Recently Brenda Musasizi, UgCLA's coordinator, sent me the Association's recently updated membership list. There are 106 names! Of these, four are partner organizations that don't actually offer library services, and two others are definitely inactive; but the rest are all in the business of disseminating information and promoting reading, even if some forty haven't yet paid their subscriptions for this year.
These institutions are tremendously diverse. Some, including the FAVL-managed Kitengesa Community Library, are well established, with collections of several thousand books and ongoing programs for women, children, and other sectors of the community. Some have only just started, having buildings but no books or books but no buildings. We have had dramatic success stories with some of the poorest. When I first visited the Bunabumali Good Samaritan Orphan and Needy Project in April 2010, it had no building and virtually no books. Now it has both and with the help of Hawk Children's Fund of UMES is setting up a Health Education Centre. The URLCODA Community Library and Mpolyabigere Community Libraries have likewise been able to put up buildings thanks to Hawk Children's Fund (see earlier UgCLA posts). Now, UgCLA is implementing a project for Book Aid International through which ten libraries are receiving 700 books each and refurbishment grants of about $1500--for the Randa Community Library this again will mean a new building.

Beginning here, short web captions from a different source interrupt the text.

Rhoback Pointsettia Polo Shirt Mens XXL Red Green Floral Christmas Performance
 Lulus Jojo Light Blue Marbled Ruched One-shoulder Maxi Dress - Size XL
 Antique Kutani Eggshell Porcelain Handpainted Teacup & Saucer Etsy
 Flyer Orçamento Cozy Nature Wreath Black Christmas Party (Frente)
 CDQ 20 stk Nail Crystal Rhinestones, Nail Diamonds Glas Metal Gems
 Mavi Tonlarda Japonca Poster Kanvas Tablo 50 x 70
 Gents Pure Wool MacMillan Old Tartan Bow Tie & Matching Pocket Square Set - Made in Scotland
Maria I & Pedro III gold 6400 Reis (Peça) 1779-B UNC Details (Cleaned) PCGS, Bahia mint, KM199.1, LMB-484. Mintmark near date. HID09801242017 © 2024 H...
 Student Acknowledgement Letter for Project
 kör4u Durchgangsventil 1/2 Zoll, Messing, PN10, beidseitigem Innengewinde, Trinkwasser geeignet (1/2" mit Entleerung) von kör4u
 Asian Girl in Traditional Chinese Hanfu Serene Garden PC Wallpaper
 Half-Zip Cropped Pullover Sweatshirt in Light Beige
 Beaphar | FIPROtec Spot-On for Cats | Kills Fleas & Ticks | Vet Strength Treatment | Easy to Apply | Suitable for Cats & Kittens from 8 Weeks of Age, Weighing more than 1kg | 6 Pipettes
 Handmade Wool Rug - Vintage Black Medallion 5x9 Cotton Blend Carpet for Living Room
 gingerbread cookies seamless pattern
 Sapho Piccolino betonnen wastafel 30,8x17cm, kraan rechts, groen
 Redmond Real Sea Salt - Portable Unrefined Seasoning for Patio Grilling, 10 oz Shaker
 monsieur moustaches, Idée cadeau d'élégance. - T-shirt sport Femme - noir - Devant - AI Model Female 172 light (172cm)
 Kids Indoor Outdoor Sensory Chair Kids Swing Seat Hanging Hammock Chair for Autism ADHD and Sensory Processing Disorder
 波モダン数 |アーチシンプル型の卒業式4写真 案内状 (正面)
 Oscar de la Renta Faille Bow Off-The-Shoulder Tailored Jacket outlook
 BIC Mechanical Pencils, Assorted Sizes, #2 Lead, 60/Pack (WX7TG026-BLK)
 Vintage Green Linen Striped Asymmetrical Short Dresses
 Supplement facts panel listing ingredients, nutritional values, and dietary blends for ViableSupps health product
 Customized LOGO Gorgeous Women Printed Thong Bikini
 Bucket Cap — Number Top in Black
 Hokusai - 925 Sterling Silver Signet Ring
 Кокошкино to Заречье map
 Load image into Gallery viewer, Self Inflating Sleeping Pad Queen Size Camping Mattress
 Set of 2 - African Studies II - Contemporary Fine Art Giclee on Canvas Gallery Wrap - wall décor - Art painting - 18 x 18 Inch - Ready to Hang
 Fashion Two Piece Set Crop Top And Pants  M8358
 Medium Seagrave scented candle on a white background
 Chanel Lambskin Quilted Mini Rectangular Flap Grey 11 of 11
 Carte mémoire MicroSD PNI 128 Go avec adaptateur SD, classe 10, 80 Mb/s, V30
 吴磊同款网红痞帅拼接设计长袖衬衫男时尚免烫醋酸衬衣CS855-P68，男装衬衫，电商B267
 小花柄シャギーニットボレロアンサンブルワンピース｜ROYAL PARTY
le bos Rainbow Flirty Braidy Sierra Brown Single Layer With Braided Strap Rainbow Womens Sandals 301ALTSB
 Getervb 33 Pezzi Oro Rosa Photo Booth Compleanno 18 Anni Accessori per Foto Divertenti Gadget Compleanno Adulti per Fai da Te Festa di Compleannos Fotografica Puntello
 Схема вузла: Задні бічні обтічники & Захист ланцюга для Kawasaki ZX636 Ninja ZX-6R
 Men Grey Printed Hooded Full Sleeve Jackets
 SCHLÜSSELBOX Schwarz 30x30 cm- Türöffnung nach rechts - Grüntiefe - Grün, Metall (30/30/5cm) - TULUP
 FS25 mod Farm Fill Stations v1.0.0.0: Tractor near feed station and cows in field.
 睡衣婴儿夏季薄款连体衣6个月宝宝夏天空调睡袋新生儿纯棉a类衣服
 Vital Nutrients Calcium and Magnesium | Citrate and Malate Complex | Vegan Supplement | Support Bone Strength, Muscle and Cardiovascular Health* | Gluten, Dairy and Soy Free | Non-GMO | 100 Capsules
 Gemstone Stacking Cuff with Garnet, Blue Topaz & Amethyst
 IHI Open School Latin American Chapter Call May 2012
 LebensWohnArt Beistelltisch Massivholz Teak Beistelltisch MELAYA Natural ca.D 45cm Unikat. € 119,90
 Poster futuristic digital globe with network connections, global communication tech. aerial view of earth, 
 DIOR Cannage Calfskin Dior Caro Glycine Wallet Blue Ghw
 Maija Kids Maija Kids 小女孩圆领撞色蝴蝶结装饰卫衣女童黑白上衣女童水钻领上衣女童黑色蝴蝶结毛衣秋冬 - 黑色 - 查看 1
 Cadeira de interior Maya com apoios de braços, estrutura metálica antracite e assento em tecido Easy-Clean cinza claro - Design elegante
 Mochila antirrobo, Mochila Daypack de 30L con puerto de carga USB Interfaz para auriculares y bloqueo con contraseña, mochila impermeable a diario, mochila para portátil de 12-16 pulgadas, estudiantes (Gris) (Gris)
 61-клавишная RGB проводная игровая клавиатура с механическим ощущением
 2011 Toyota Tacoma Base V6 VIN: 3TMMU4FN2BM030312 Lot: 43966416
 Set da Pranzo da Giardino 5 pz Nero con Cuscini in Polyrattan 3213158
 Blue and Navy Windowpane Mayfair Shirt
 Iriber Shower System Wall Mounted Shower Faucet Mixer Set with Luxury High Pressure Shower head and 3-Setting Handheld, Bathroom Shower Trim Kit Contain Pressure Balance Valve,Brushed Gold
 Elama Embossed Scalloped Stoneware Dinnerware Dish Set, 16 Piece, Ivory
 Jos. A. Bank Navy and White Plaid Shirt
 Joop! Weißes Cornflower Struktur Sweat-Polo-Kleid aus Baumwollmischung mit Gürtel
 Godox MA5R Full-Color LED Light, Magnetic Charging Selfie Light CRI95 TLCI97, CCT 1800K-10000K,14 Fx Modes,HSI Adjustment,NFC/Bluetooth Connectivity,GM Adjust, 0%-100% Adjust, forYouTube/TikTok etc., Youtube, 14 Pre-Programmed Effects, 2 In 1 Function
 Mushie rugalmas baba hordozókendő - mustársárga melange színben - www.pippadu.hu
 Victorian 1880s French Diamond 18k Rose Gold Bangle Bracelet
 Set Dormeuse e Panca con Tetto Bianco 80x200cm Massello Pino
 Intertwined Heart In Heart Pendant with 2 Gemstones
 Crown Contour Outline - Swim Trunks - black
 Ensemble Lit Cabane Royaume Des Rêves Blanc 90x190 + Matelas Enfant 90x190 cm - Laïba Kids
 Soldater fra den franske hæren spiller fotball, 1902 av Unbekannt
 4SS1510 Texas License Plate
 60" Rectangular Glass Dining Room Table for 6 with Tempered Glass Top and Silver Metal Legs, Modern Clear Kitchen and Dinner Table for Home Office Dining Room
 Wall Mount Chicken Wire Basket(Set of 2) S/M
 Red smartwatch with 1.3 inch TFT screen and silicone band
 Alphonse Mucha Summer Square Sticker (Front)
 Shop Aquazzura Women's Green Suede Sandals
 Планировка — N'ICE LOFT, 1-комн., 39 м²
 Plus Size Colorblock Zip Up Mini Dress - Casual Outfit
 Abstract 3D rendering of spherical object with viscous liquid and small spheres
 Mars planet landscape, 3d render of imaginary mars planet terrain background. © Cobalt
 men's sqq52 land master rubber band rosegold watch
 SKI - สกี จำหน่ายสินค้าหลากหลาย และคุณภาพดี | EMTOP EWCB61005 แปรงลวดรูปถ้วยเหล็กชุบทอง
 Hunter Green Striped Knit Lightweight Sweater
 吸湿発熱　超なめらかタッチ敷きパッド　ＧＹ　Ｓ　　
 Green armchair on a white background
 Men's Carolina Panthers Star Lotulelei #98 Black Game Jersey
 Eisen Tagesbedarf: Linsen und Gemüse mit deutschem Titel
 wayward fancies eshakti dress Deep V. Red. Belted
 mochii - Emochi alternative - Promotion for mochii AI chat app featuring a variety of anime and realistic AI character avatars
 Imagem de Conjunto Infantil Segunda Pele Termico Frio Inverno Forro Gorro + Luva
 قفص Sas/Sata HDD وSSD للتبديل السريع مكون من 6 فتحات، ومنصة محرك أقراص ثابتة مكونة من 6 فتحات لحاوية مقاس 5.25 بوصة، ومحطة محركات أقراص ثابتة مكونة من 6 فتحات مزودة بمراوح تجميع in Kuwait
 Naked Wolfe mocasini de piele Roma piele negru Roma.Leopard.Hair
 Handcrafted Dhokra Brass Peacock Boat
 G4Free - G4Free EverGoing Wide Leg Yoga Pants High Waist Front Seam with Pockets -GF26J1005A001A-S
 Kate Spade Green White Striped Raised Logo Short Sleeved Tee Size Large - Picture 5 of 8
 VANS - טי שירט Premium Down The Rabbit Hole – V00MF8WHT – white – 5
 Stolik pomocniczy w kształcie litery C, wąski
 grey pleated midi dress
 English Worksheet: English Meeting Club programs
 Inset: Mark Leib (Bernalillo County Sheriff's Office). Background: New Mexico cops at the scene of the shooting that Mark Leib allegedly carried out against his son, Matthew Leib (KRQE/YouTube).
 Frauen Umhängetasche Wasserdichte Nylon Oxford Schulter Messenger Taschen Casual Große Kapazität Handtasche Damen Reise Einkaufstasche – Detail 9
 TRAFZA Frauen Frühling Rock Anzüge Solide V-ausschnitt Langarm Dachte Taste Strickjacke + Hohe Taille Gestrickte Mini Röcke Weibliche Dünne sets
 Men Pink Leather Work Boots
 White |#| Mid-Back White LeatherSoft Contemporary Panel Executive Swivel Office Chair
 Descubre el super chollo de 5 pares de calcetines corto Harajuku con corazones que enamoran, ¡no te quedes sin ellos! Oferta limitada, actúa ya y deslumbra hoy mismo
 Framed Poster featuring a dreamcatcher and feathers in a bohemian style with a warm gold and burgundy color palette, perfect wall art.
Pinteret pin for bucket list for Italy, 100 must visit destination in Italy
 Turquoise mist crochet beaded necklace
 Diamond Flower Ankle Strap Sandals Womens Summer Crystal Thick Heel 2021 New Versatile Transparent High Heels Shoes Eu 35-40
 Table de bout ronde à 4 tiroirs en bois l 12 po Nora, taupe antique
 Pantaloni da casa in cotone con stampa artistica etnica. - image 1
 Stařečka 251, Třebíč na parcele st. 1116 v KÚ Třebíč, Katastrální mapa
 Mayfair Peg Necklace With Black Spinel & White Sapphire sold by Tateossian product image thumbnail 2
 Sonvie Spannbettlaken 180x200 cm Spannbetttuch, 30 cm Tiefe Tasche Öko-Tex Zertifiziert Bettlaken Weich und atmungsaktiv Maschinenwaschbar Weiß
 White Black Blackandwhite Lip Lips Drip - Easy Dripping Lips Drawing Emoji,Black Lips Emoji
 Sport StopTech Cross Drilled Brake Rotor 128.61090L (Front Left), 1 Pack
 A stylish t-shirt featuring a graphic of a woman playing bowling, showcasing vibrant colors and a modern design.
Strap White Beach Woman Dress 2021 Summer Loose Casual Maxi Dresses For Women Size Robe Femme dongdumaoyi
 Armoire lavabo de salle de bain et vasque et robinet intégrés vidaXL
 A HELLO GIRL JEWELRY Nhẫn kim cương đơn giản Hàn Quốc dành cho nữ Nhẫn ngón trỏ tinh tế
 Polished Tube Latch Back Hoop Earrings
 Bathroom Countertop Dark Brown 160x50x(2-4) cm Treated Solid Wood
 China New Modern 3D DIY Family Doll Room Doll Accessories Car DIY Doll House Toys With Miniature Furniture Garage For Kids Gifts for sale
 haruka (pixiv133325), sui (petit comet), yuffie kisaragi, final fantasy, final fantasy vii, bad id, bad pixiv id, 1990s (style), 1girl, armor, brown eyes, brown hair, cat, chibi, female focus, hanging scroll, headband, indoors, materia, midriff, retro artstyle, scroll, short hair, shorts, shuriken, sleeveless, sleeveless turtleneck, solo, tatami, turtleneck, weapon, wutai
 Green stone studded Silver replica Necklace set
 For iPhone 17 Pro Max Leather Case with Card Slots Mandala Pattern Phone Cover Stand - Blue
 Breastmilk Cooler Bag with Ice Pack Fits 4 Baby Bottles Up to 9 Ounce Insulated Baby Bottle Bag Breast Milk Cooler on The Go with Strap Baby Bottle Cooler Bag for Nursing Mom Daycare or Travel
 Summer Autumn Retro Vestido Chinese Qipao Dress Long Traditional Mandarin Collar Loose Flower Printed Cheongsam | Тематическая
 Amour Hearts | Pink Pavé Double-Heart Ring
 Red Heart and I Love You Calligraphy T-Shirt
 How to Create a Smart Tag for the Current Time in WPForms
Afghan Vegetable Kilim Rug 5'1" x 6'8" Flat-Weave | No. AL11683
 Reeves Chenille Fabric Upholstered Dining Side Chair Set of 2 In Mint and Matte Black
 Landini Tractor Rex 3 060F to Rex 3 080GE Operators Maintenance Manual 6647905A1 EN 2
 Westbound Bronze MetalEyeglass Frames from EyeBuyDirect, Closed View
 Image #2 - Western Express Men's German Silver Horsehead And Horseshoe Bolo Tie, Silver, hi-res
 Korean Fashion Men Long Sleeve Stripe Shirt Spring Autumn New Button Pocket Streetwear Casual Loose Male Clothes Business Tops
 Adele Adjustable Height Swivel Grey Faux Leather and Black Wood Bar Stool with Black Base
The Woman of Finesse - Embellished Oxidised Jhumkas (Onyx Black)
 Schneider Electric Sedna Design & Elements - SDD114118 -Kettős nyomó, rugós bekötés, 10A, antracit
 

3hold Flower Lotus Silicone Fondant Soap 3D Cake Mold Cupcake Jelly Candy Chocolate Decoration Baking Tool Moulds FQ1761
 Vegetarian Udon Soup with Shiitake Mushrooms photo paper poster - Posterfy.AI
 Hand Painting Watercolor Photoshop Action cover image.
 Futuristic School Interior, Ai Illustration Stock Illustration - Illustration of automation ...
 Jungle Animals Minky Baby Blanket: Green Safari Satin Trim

Since it was launched in 2007, UgCLA has channeled grants to 31 libraries, and some have received two or three. That leaves seventy still to be served, and more will doubtless join us before we can reach them all. So the task ahead is enormous; but UgCLA is already a strong network with tremendous potential for providing information and entertainment to impoverished Ugandans. When will such networks be established in other African countries?